NIH Awards $2M to Whitman-Walker to Develop State-of-the-Art HIV Research Space at the New Max Robinson Center

WASHINGTON (October 3, 2022) - Whitman-Walker, a leader in LGBTQ health, research, and policy with special expertise in HIV care, today announces a $2 million dollar construction award from the National Institutes of Health (NIH) Office of AIDS Research to build a new state-of-the-art HIV-focused biomedical research space.

As part of a growing partnership between George Washington University and Whitman-Walker, the new and expanded research facilities will be jointly used by HIV investigators at both institutions, with a long-term goal to expand its capacity to include other researchers from the DC Center for AIDS Research.
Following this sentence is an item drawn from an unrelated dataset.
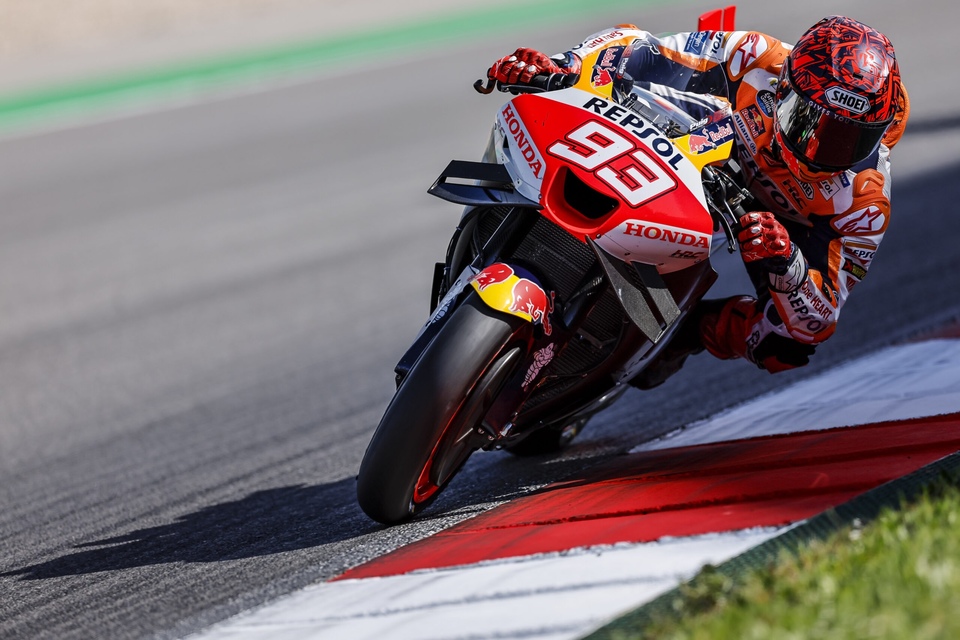 Gran Premio MotoGP Guru by Gryfyn de Espaňa (závod MotoGP)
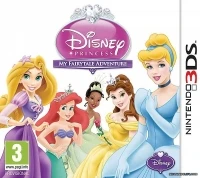 Disney Princess My Fairytale Adventure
Whitman-Walker and GW have already collaborated on successful joint ventures in the past, including the District of Columbia Clinical Trials Unit joint partnership and Whitman-Walker’s involvement in the DC Cohort Longitudinal HIV Study. Both ventures aim to end the HIV epidemic in the nation’s capital. 

The research facilities will be a part of the new Max Robinson Center, Whitman-Walker’s future flagship building, which will be located on the St. Elizabeths East Campus redevelopment project in DC’s Ward 8. The construction grant will enable Whitman-Walker and GW researchers to bring cutting-edge advancements in HIV treatment and prevention science directly to DC’s Wards 7 and 8, which face the District’s highest HIV burden.

The grant represents a historic investment by NIH to strengthen infrastructure among institutions with a demonstrated mission to serve communities underrepresented in research. The location of the research facility will be on the 2nd floor of Whitman-Walker's new 7-story health care home currently under construction at 1200 Sycamore St. SE in the Congress Heights neighborhood.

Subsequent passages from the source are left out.